Task directions:
Output only the lines below from the one containing "So yeah, kind" to the one containing "This short video", exactly as written, both ends kept.

Available data:

◇ ◇ ◇

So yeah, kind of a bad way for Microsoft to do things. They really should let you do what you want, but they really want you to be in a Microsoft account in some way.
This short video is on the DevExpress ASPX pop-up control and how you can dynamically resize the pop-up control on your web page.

◇ ◇ ◇

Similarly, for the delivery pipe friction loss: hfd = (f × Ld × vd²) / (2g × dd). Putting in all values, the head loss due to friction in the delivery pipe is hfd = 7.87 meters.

◇ ◇ ◇

Answer to the exercise:
So yeah, kind of a bad way for Microsoft to do things. They really should let you do what you want, but they really want you to be in a Microsoft account in some way.
This short video is on the DevExpress ASPX pop-up control and how you can dynamically resize the pop-up control on your web page.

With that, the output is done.